A girl on a ball is setting out on the long trek from Moscow to Madrid. An impossible feat? Not when the lass in question is Pablo Picasso’s Girl on a Ball, and the trek a long-awaited art exchange between Moscow’s Pushkin Museum and Madrid’s Prado.
Picasso’s “Girl” once belonged to the famous American writer and art aficionado Gertrude Stein, whose rich collection of paintings included works by such luminaries as Matisse, Cezanne and Renoir, to name just a few.

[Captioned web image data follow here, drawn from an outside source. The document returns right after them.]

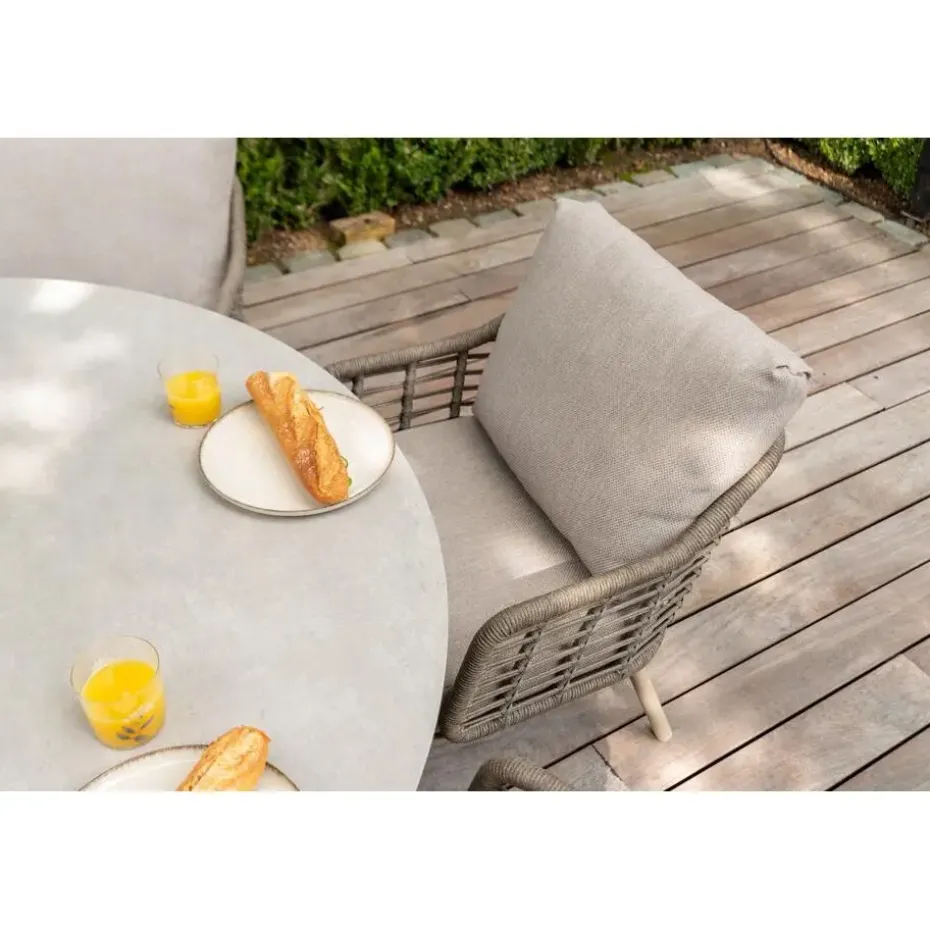 Taste Donato low dining tuintafel Ø160 cm. - Latte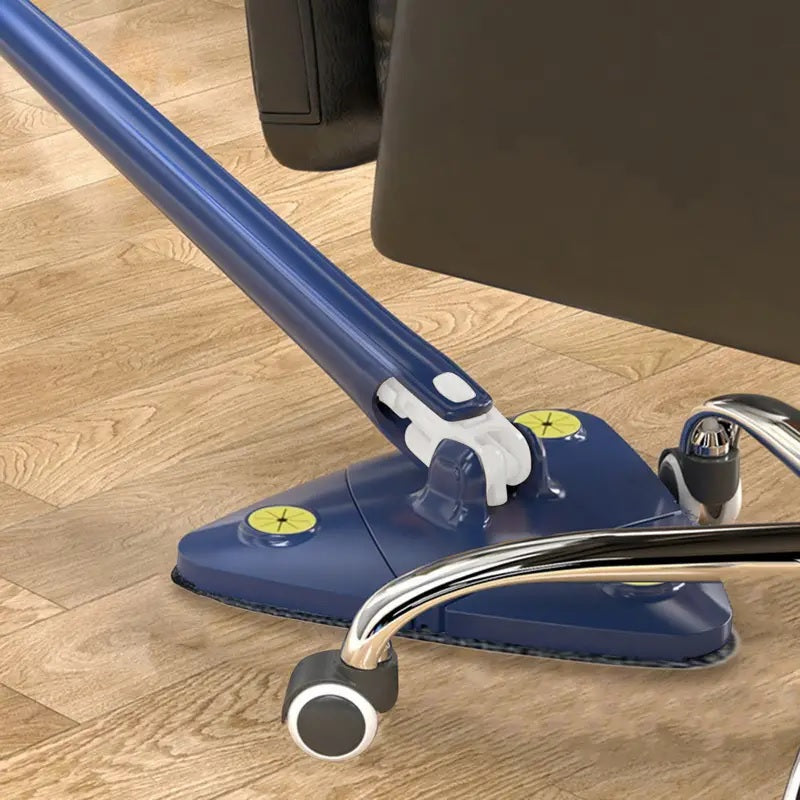 Mop multifunctional pentru suprafete uscate si ude, cap triunghiular rotativ 360°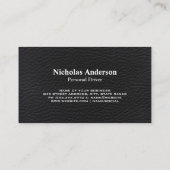 Carte De Visite Limousine de luxe | Cuir (Dos)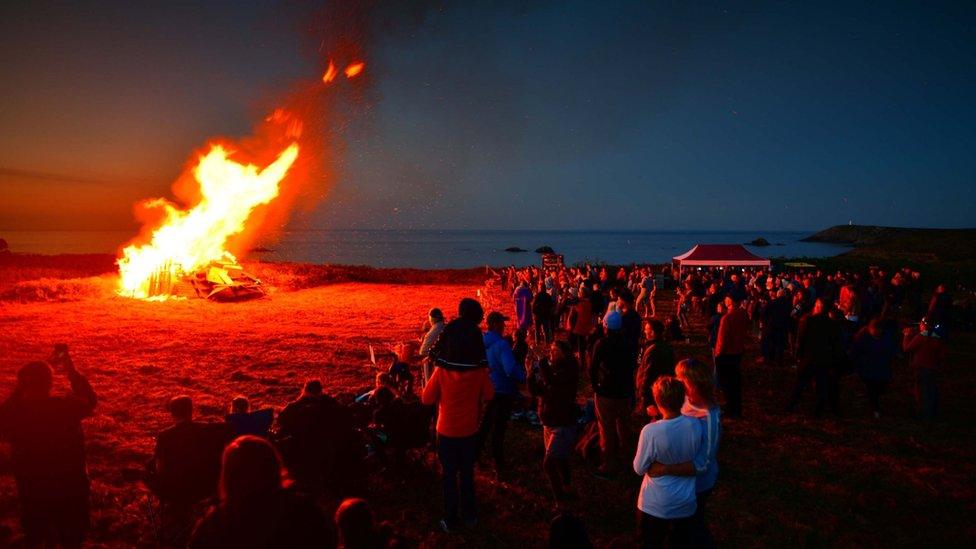 The Queen's Jubilee Beacon on St Martin's, Isles of Scilly.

Back in 1913, Girl on a Ball was acquired by the legendary Russian collector of impressionist work, Ivan Morozov. After the Revolution, however, it became part of the State collection of the Pushkin Museum of Fine Arts.
From September 17, the painting will take up temporary residence in Spain’s iconic Prado Museum, renowned for its unsurpassed collection of works by Velázquez, Goya and El Greco, whom Picasso especially loved.
“It was crucial for us to present the Girl on a Ball at the Prado because its author – the genius Picasso – was at the helm of the Prado for some time, as the museum’s director,” head of the Pushkin Museum of Fine Arts, Irina Antonova, explained.
But, as they say in Russia, “a holy place is never empty”, and the space temporarily left by the absent Girl will be filled by another masterpiece, the Portrait of Prince Balthasar Carlos by Diego Velázquez. The Prado will give as good as it gets.